According to Moser, the concept of the bottle lamp originated in the late 1970s when he was employed as a car mechanic at a telecommunications company in Brasília. He recalled discussing with his supervisor how sunlight might be used in emergency situations, which remained in his mind for years. During the 2001–2002 Brazilian energy crisis, Moser began testing water-filled plastic bottles as a do-it-yourself method to provide indoor daylight. By installing these bottles through the roofs of unlit rooms, he found that refracted sunlight could illuminate otherwise dark spaces. He later improved the design by using bleach and polyester resin.

=== Usage ===
After publicizing his invention, Moser was invited to speak at educational conferences. His invention was later adopted by open-source initiatives such as the MyShelter Foundation in the Philippines and has been replicated since 2012 through the Liter of Light project, which distributes sustainable lighting in multiple countries, benefiting communities lacking reliable access to electricity. The project has further developed a method based on Moser's original invention, utilizing solar panels to power the bulbs. These panels are used in domestic installations and to illuminate streetlights throughout the night.
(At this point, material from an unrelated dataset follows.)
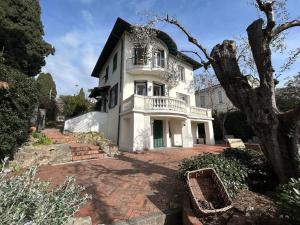 Elegante Villa Vista Mare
In 2011, Illac Angelo Diaz, founder and executive director of the MyShelter Foundation, reported that Moser's invention was in use in approximately 140,000 homes in the Philippines alone. Additionally, residents in impoverished areas were able to cultivate crops on small hydroponic farms using the light provided by these bottle lamps. By 2014, Liter of Light had installed Moser lamps in over a million homes worldwide and expanded its reach across the Americas, Europe, Asia, and Africa by 2017.

=== Functionality ===
Moser's lamp functions without external power, using a plastic bottle filled with chlorinated water inserted into a hole in the roof. The light is refracted and scattered, providing illumination comparable to a 40 to 60 watt incandescent bulb when sunlight strikes the bottle.